DIRECTIONS:
Repeat the lines of the data that follow, please, starting at the first and stopping after the one with "2009 Skoda Octavia".

DATA RECORDS:
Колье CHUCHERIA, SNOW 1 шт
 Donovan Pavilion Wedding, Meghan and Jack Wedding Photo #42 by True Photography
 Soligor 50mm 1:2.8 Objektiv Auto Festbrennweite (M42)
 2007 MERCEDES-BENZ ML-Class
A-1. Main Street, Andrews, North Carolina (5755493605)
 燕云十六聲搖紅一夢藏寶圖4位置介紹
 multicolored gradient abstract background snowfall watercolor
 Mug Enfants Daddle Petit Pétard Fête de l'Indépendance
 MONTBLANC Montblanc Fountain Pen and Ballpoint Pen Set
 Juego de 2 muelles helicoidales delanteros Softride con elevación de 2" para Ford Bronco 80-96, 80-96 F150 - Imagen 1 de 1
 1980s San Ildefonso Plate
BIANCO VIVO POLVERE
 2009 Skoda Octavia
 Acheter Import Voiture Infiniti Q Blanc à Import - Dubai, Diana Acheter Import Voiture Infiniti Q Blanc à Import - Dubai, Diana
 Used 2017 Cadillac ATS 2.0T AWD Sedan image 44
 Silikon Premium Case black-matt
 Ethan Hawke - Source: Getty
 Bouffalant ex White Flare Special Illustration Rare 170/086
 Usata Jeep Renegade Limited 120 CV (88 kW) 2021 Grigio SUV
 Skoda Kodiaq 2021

TASK ANSWER:
Колье CHUCHERIA, SNOW 1 шт
 Donovan Pavilion Wedding, Meghan and Jack Wedding Photo #42 by True Photography
 Soligor 50mm 1:2.8 Objektiv Auto Festbrennweite (M42)
 2007 MERCEDES-BENZ ML-Class
A-1. Main Street, Andrews, North Carolina (5755493605)
 燕云十六聲搖紅一夢藏寶圖4位置介紹
 multicolored gradient abstract background snowfall watercolor
 Mug Enfants Daddle Petit Pétard Fête de l'Indépendance
 MONTBLANC Montblanc Fountain Pen and Ballpoint Pen Set
 Juego de 2 muelles helicoidales delanteros Softride con elevación de 2" para Ford Bronco 80-96, 80-96 F150 - Imagen 1 de 1
 1980s San Ildefonso Plate
BIANCO VIVO POLVERE
 2009 Skoda Octavia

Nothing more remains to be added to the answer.